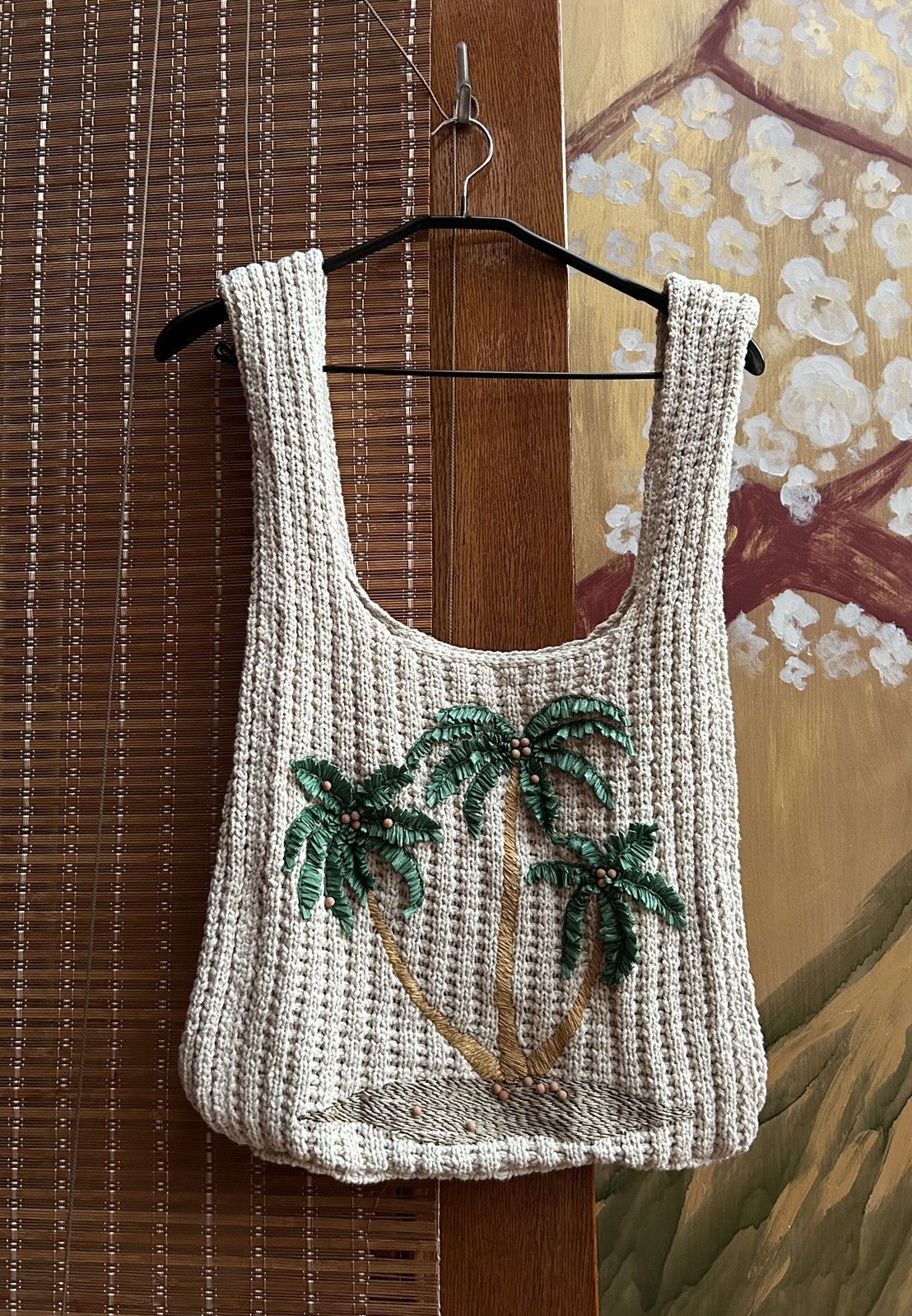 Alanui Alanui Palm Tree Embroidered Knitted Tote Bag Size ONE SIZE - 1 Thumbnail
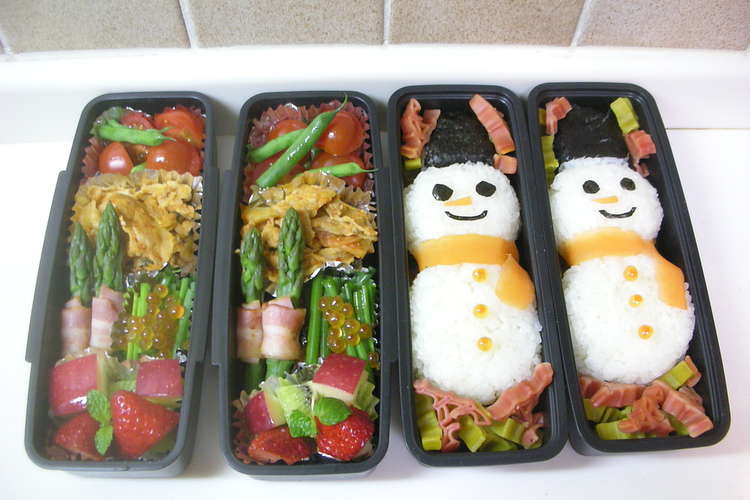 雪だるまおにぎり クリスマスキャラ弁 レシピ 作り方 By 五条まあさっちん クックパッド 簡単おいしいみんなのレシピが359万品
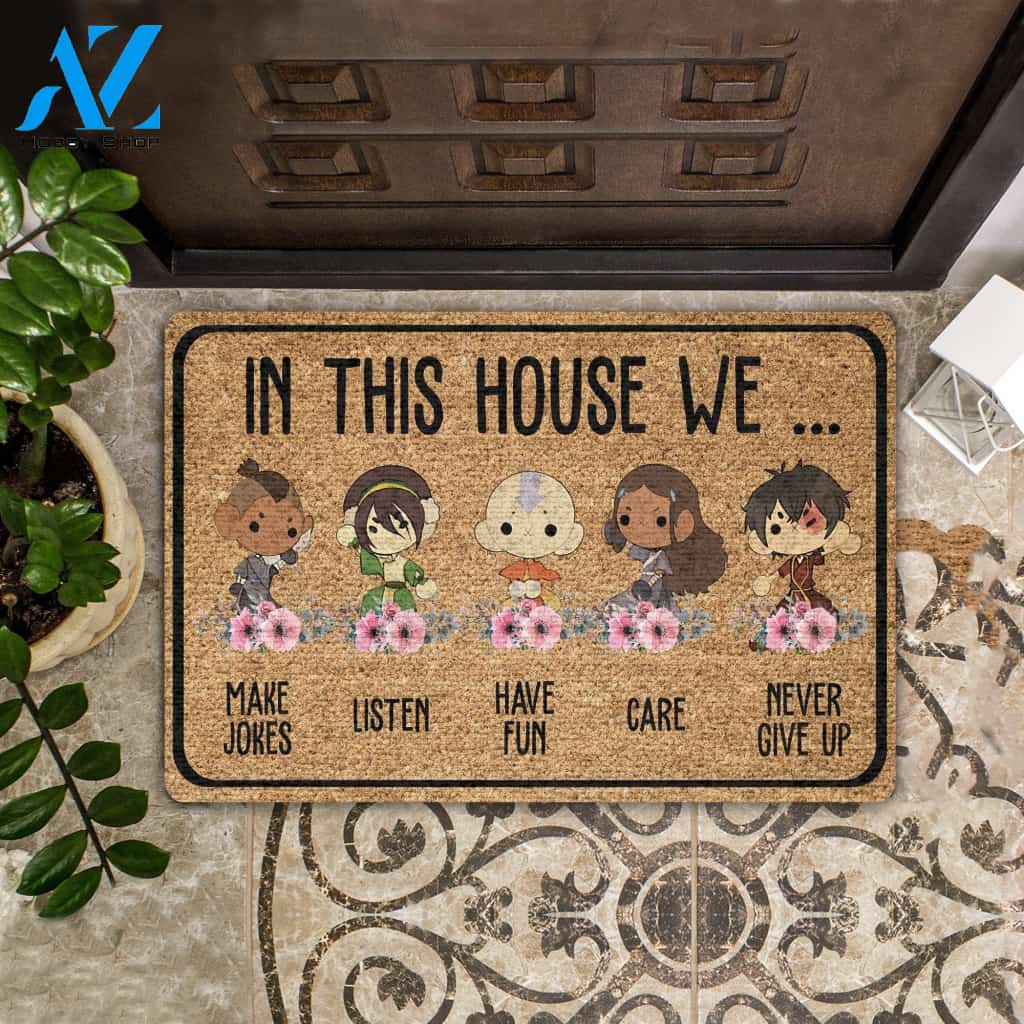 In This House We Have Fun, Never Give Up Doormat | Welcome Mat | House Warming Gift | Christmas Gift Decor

· · · ·

Quote in full the listing given above; the images are to be left out.

**FINISHED TASK:**
 Alanui Alanui Palm Tree Embroidered Knitted Tote Bag Size ONE SIZE - 1 Thumbnail
 雪だるまおにぎり クリスマスキャラ弁 レシピ 作り方 By 五条まあさっちん クックパッド 簡単おいしいみんなのレシピが359万品
 In This House We Have Fun, Never Give Up Doormat | Welcome Mat | House Warming Gift | Christmas Gift Decor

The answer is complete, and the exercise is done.